__What to do__
Nothing but the lines from the one holding "3D Pedal Pub Rigged" to the final line of the listing below, both included, should be repeated, and each must match exactly. Omit pictures.

__Record excerpts__
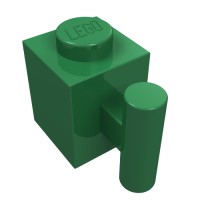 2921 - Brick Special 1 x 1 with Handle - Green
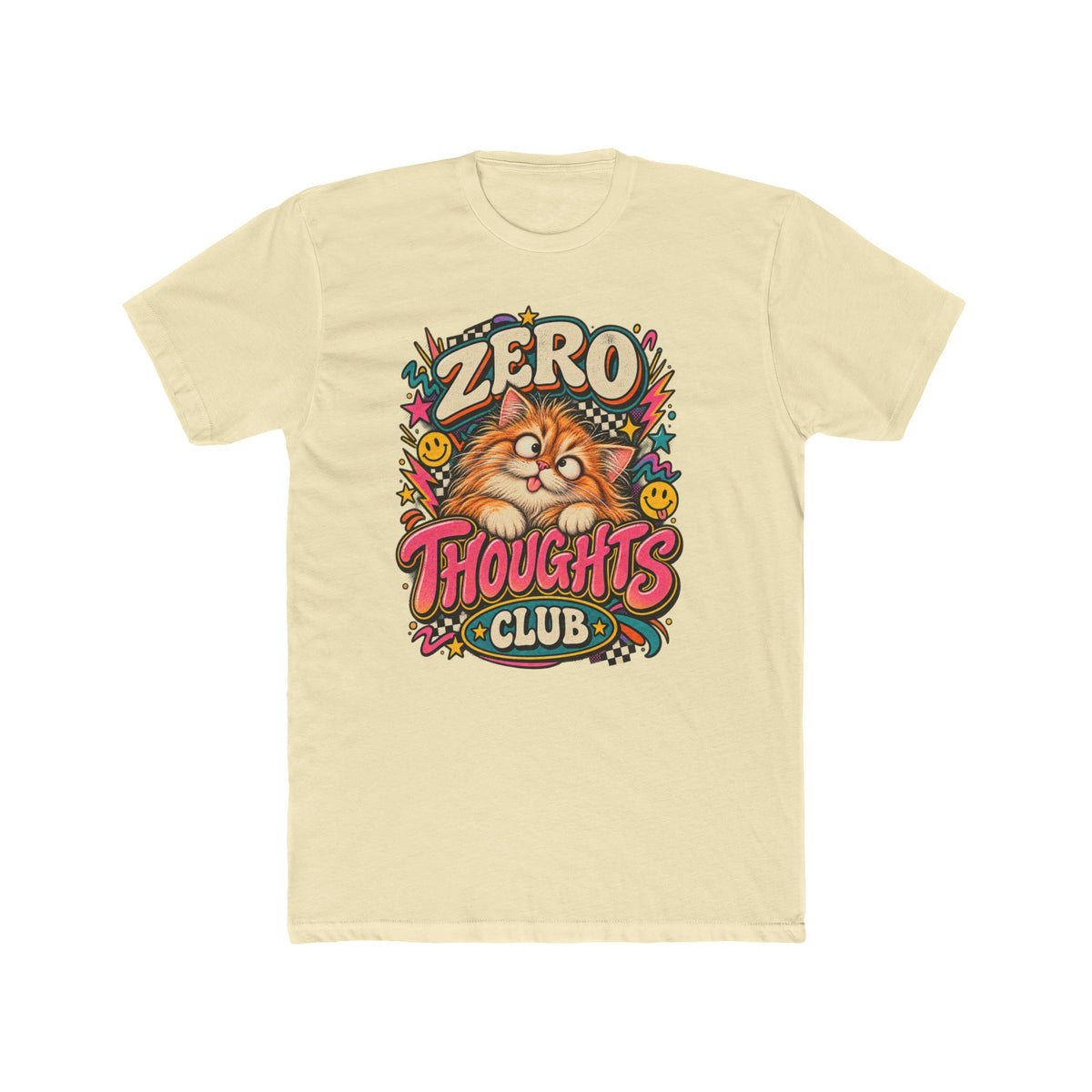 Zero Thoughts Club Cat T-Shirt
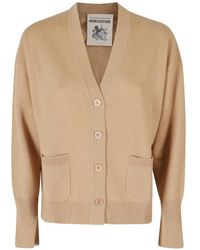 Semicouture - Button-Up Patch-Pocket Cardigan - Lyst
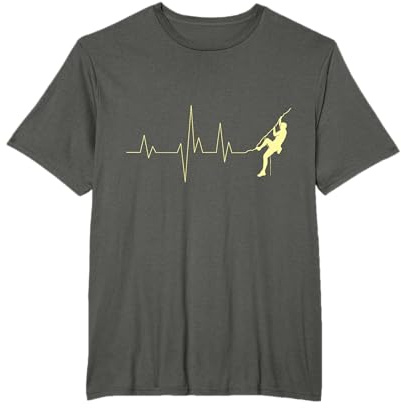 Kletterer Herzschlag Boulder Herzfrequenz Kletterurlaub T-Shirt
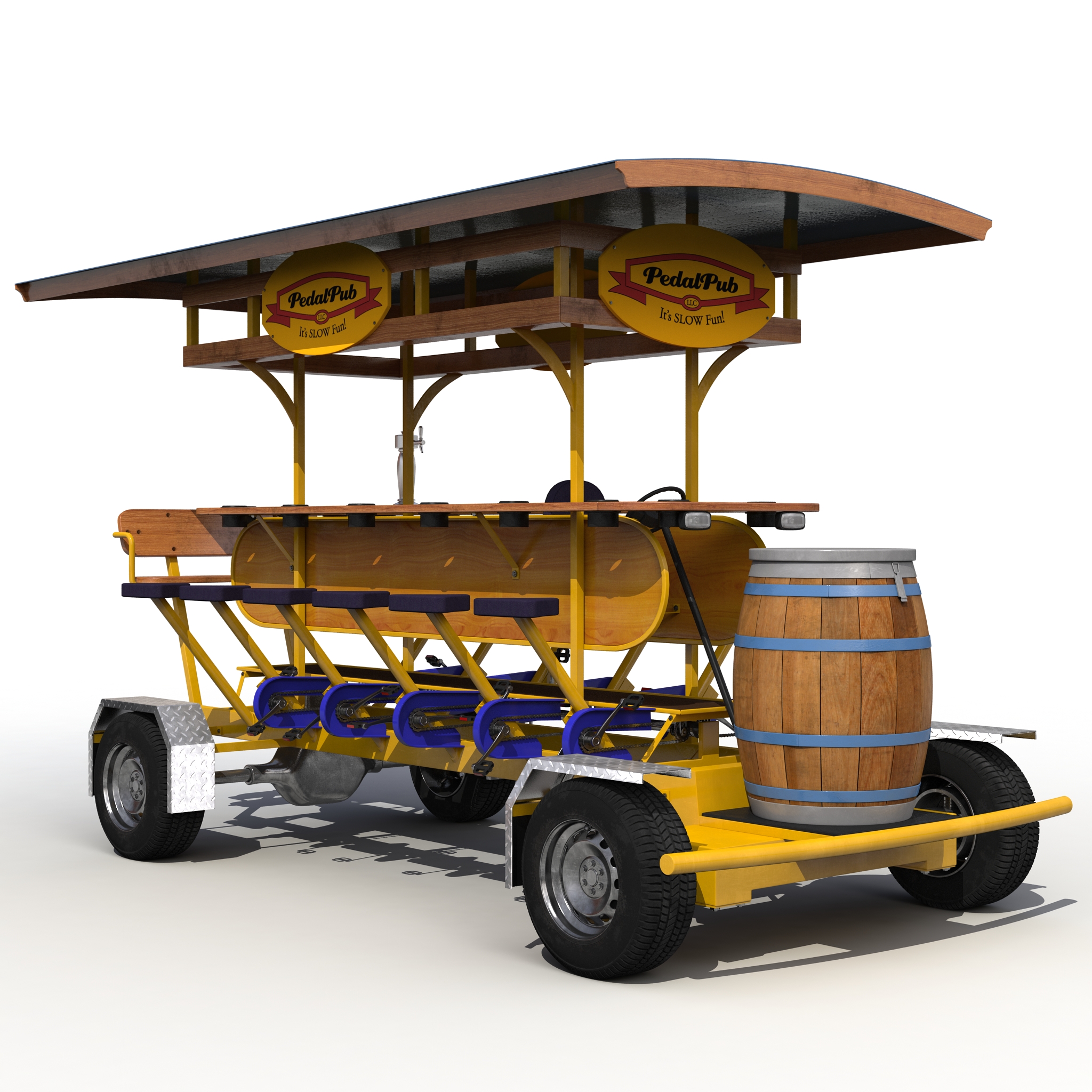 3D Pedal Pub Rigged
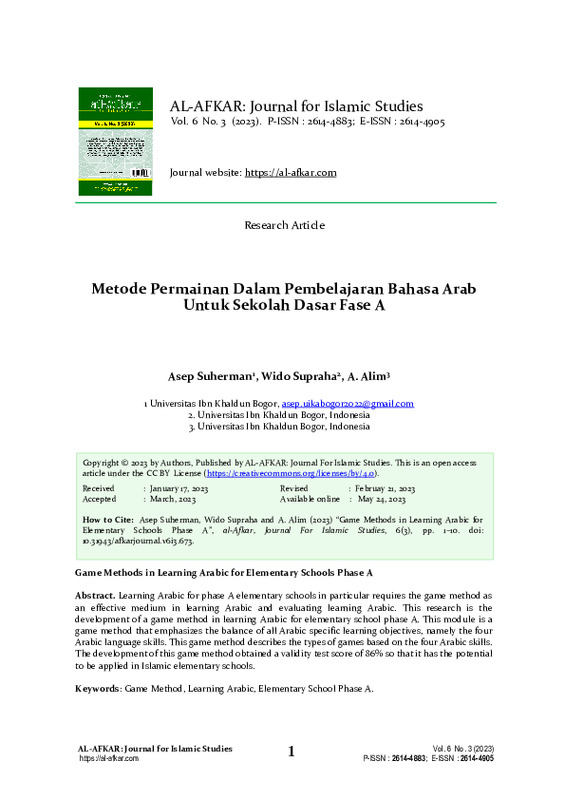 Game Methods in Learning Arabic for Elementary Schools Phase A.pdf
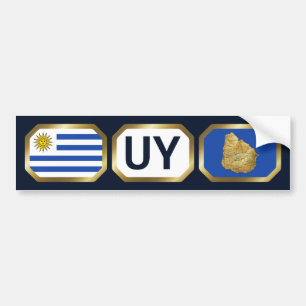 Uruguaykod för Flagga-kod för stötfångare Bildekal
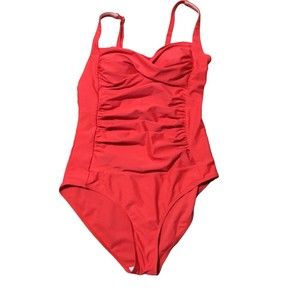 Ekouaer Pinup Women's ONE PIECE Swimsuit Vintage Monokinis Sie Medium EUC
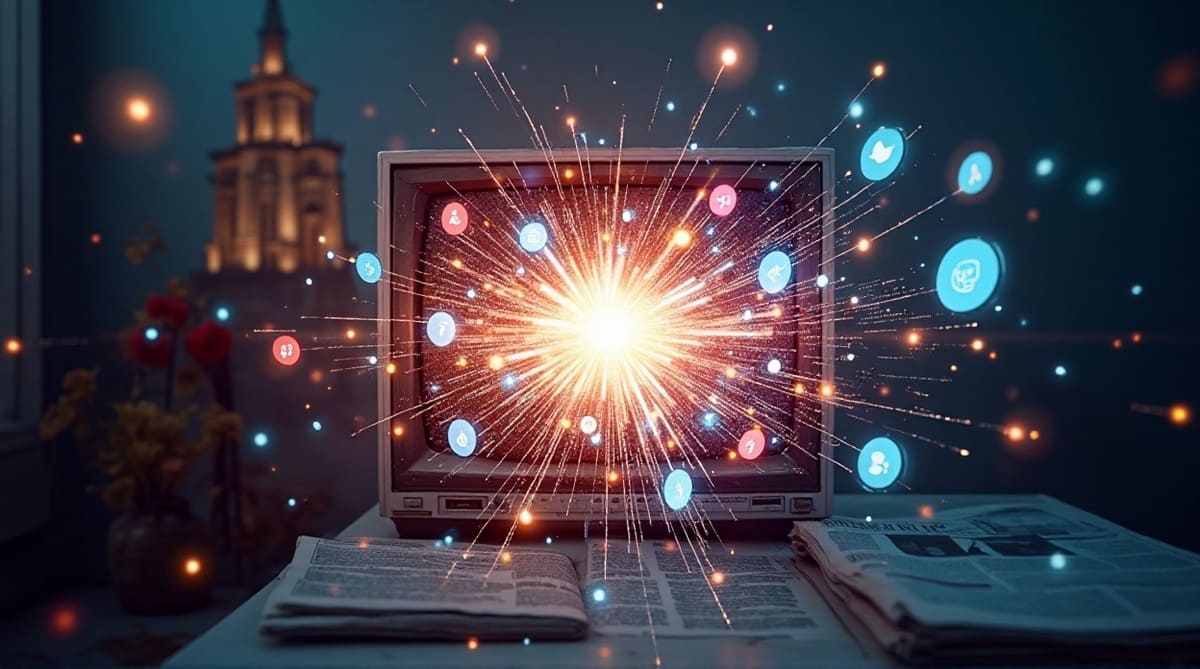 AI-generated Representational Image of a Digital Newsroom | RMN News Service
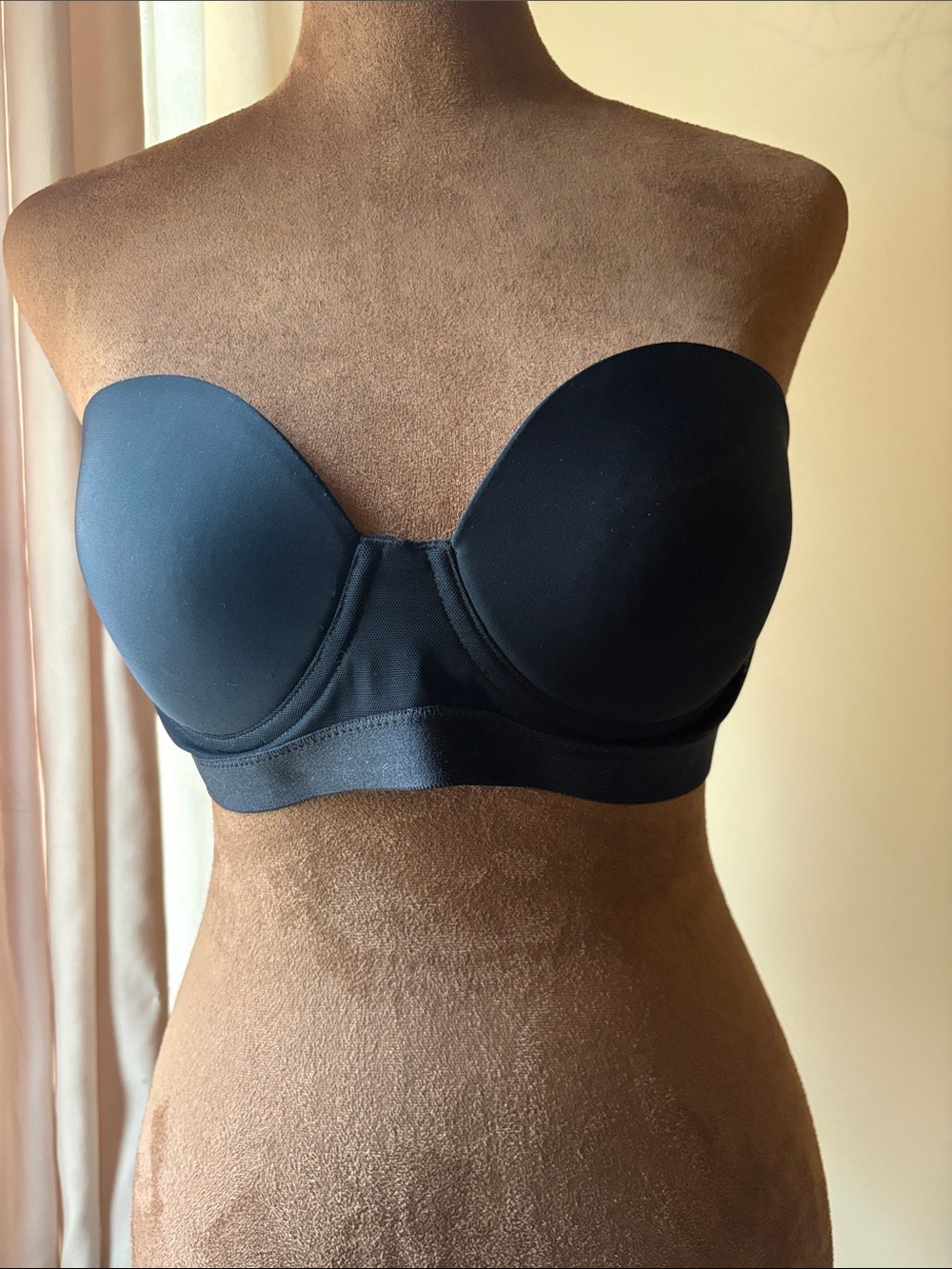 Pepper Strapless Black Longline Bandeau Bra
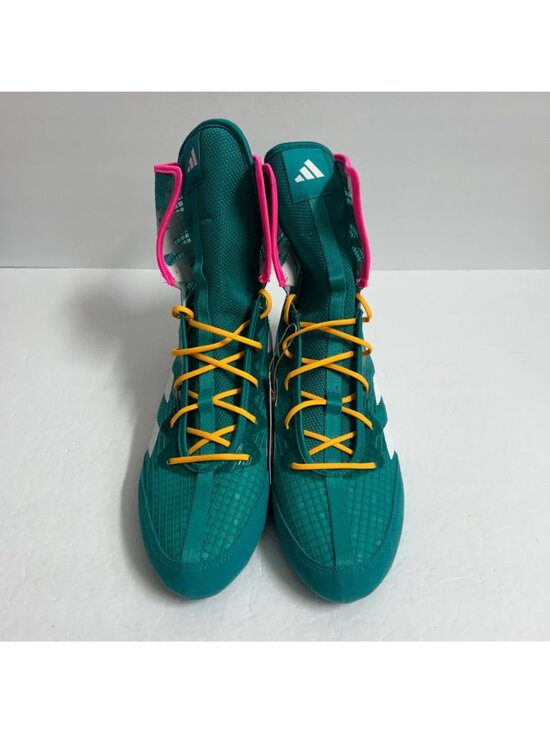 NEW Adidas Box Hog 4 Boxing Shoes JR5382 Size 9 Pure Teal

__Worked solution__
 3D Pedal Pub Rigged
 Game Methods in Learning Arabic for Elementary Schools Phase A.pdf
 Uruguaykod för Flagga-kod för stötfångare Bildekal
 Ekouaer Pinup Women's ONE PIECE Swimsuit Vintage Monokinis Sie Medium EUC
 AI-generated Representational Image of a Digital Newsroom | RMN News Service
 Pepper Strapless Black Longline Bandeau Bra
 NEW Adidas Box Hog 4 Boxing Shoes JR5382 Size 9 Pure Teal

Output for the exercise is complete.